Required action: Every line of the data, first to last, must be written out unchanged.

Dataset extract:
* * * * * * * * *

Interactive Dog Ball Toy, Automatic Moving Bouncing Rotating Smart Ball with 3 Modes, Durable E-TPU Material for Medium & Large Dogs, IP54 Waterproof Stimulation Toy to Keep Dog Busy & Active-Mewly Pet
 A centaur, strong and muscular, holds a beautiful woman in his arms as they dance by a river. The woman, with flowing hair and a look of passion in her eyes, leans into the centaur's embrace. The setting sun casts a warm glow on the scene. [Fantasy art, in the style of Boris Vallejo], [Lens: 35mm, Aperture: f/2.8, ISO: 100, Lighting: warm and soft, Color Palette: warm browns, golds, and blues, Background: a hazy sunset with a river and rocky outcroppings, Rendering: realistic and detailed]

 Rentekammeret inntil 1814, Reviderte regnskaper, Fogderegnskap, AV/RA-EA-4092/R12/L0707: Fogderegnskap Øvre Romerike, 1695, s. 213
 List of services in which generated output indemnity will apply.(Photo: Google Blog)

* * * * * * * * *

Final answer:
Interactive Dog Ball Toy, Automatic Moving Bouncing Rotating Smart Ball with 3 Modes, Durable E-TPU Material for Medium & Large Dogs, IP54 Waterproof Stimulation Toy to Keep Dog Busy & Active-Mewly Pet
 A centaur, strong and muscular, holds a beautiful woman in his arms as they dance by a river. The woman, with flowing hair and a look of passion in her eyes, leans into the centaur's embrace. The setting sun casts a warm glow on the scene. [Fantasy art, in the style of Boris Vallejo], [Lens: 35mm, Aperture: f/2.8, ISO: 100, Lighting: warm and soft, Color Palette: warm browns, golds, and blues, Background: a hazy sunset with a river and rocky outcroppings, Rendering: realistic and detailed]

 Rentekammeret inntil 1814, Reviderte regnskaper, Fogderegnskap, AV/RA-EA-4092/R12/L0707: Fogderegnskap Øvre Romerike, 1695, s. 213
 List of services in which generated output indemnity will apply.(Photo: Google Blog)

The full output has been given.